Filipino Wedding Traditions and Superstitions
Something old, something new, something borrowed, something blue, Something… SUKOB?!
We know you’ve thought of Kris Aquino’s gut-wrenching horror movie, Sukob. But what is it really?
Filipino wedding superstitions and traditions have continuously hound our brides up to this day so we have round-up 7 Filipino Wedding Traditions / Superstitions that couples follow at their own risk. *wink wink* These are a mix of our Spanish influences, catholicism background, indigenous folklore and myth.
Who else loves a story filled with fantasy and whim? We know we do!
We start off with the pre-wedding preparations such as the engagement period!
1. Pamamanhikan / Bulungan / Paninilbihan
Pamamanhikan comes from the root word “panik” which means to ascend a flight of stairs in which the groom symbolically enters the bride’s house to formally ask for her hand in marriage. Rapunzel-vibes, anyone? He is usually accompanied by his family.
The groom usually ask his side of the family to come and meet the bride’s and is usually set in the bride’s house or a spacious venue. This is what we’ve come to know as the Bulungan. This is where both families talk about the wedding dates, the budget and the guestlist. *cue Monsters in law
Our ancestors usually require the groom to render services for them first called the Paninilbihan. This may entail cleaning the house, fetching water, cooking or doing the laundry. Oh hey, what a surefire way to practice for married life!
Now back to Tita Krissy’s box-office hit! Sukob in Tagalog literally means huddling or sharing cover together. Filipina brides love to follow this wedding superstition. It is believed to be bad luck to be wedded in the same year as your sibling or to be wedded in the same year when a family member dies as a dark cloud may envelope you with misfortunes.

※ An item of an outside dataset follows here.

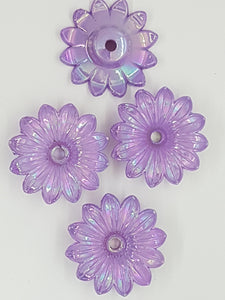 33x9MM ACRYLIC OPAQUE FLOWERS - AB COLOUR - LILAC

3. Offering eggs to Sta. Clara
Couples prefer a fair weather on their special day. They believe that rain will cause hassle to their guests and will not prove a good start to the wedding. Though, some believe that a light drizzle means a good blessing to the marriage. More often than not, couple who entirely want a good weather on their special day offer eggs to the Sta. Clara Convent along Marcos Highway. “Claro” means unclouded in Spanish and thus mean a fair weather. Eggs are offered because the albumen or the egg white is transparent and will thus mean, a clear sky. *cue You Make my Dreams come true dance of Joseph Gordon-Levitt*
Now to the actual wedding…
4. Sabitan at Sayawan Money Dance
Now, the sabitan and sayawan is fairly popular in Philippine provinces wherein the distinguished guests, family members, ninongs and ninangs get called to the stage to pin some money on the couples ensemble. The emcee gets a load of fun announcing how much or how little a certain guest gave. No wonder soon-to-wed couples love to incorporate this in their program!
5. Never buy a set of kitchen knives for the couple.

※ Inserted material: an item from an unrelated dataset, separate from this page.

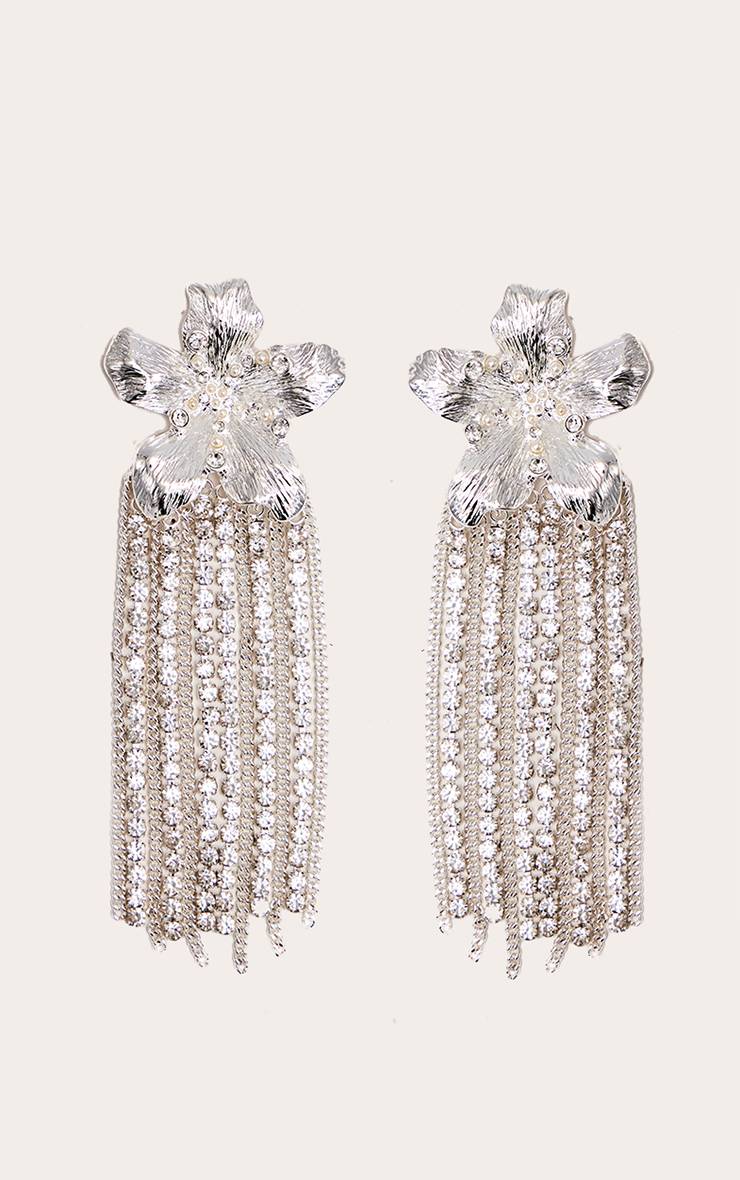 Argenté Boucles D'oreilles Pendantes Ornées De Fleurs Et Strass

As for wedding gifts, it is believed to be bad luck to give sharp objects like a new set of knives to the couple as it can mean a broken marriage. Nuh-uh.
6. The grooms don a veil too!
As part of the church ceremony, grooms and brides share one veil as a symbolism of unity and protection. Veil sponsors pin it on the head of the bride and on the shoulder of the groom.
7. No pearl jewelries for the bride!
Pearls are considered to be ‘tears of the oyster’. Filipina brides like to abide by this superstition to mask away any misfortunes. We’d personally like to start off this marriage on the right foot too!
What Filipino traditions / superstitions would you follow?